In a twist, the master controller comes from a source that scientists had thought was leftover garbage. It is a micro RNA molecule, which comes from an unused template that remains after punching out ribosomes -- workhorse protein factories found in all cells.
The treatment works by stopping the inflammatory effects of disturbed blood flow on cells that line blood vessels. In animal models of atherosclerosis, a drug that blocks the micro RNA can stop arteries from becoming blocked, despite the ongoing stress of high-fat diet. The micro RNA appears to function similarly in human cells.
"We've known that aerobic exercise provides protection against atherosclerosis, partly by improving patterns of blood flow. Now we're achieving some insight into how," says senior author Hanjoong Jo, PhD. "Healthy flow tunes down the production of bad actors like this micro RNA. Targeting it could form the basis for a therapeutic approach that could be translated with relative ease compared to other drugs."

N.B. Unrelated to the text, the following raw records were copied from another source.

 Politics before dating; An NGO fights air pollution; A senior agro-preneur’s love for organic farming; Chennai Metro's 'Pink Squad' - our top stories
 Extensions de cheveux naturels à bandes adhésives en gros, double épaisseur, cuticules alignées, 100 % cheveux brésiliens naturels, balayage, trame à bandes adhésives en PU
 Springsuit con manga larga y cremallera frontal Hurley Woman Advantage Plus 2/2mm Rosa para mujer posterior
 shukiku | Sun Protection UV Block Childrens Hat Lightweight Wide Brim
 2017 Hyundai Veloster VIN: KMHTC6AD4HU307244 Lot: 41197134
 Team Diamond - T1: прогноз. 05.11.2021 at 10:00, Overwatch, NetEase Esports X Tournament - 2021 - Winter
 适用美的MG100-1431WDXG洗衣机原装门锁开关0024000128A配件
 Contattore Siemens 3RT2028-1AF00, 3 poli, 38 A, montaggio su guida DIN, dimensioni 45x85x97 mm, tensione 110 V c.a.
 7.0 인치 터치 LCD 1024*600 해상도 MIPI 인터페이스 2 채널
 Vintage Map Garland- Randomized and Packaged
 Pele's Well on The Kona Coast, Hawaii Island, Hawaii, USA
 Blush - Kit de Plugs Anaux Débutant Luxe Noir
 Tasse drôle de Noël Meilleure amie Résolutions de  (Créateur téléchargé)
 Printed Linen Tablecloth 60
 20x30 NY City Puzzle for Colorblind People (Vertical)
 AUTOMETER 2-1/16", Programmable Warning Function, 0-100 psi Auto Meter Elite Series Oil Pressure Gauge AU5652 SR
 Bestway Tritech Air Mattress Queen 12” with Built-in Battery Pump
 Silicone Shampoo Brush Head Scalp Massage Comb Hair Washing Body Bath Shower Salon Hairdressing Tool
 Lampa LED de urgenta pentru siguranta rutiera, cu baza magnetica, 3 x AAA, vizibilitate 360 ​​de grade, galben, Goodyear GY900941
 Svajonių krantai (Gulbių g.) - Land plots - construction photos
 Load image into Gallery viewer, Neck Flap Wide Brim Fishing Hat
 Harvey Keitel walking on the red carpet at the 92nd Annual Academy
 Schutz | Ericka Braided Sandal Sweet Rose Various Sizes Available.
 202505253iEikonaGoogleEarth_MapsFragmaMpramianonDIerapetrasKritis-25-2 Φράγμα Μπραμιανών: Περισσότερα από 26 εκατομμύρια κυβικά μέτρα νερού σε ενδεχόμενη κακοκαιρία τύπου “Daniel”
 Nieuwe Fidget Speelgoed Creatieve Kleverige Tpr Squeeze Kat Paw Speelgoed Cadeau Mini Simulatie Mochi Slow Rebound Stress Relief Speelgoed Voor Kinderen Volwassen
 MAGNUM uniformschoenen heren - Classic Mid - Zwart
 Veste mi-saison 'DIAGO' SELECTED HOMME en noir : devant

Jo is John and Jan Portman professor in the Wallace H. Coulter Department of Biomedical Engineering at Georgia Tech and Emory University. The co-first authors of the paper are postdoctoral fellows Dong Ju Son, PhD and Sandeep Kumar, PhD.
In atherosclerosis, arterial walls thicken because of a gradual build-up of white blood cells, lipids and cholesterol. The process can lead to plaque formation, and eventually to heart attacks and strokes.
Atherosclerosis occurs preferentially in branched or curved regions of arteries, because of the patterns of blood flow imposed by the shape of blood vessels. Constant, regular flow of blood appears to promote healthy blood vessels, while erratic or turbulent flow can lead to disease.
Jo and his colleagues have developed an animal model where it is possible to drive the development of atherosclerosis quickly and selectively, by partially restricting blood flow in a mouse's carotid artery. To accelerate the process, the mice also have a deficiency in ApoE, important for removing lipids and cholesterol from the blood, and are fed a high-fat diet. The model allows researchers to compare molecules that are activated in endothelial cells, which line blood vessels, on the disturbed side versus the undisturbed side in the same animal.
Son and Kumar focused on micro RNAs, short snippets of RNA that can inhibit the activity of many genes at once. Micro RNAs were recently discovered to be able to travel from cell to cell, and thus could orchestrate processes such as atherosclerosis. Out of all the micro RNAs the researchers examined, one in particular, called miR-712, was the micro RNA most strongly induced by disturbed blood flow in the atherosclerosis model system.
In response to disturbed or unhealthy blood flow, endothelial cells produce miR-712, the researchers found. miR-712 in turn inhibits a gene called TIMP3, which under healthy flow conditions restrains inflammation in endothelial cells.
The researchers were surprised to find that miR-712 comes from leftovers remaining from a long RNA that is used to form ribosomes. Ribosomes are ubiquitous and perform the basic housekeeping function of protein assembly.
"This is one of the most abundant streams of RNA that cells produce, and it turns out to be the source for a molecule that controls atherosclerosis," Jo says. "Why did nature do it that way? I don't think we know yet."
By using a technology called "locked nucleic acids," Jo and his colleagues tested the effects of blocking miR-712 in the body. When given to mice in the rapid atherosclerosis model, the anti-miR-712 drug inhibited the development of arterial blockages. Without the drug, plaques blocked an average of 80 percent of the disturbed carotid artery, but the drug cut that in half. The drug worked similarly in another model of atherosclerosis where animals develop disease more slowly.
Locked nucleic acids that target an unrelated disease (hepatitis C) are being tested in clinical trials, and so far appear to be effective. A micro RNA similar to miR-712 appears to have the same inflammatory control function in human endothelial cells; it's called miR-205.
Jo says his team is devising ways using nanotechnologies to deliver anti-miR-712 drugs to the heart or to endothelial cells specifically to achieve efficient therapeutic effect with minimum side-effects.
"It is notable that in our experiments, the anti-miR-712 drug was delivered systemically, but still made its way to the right place and had a strong effect," Jo says. "This is a good sign for future translational studies."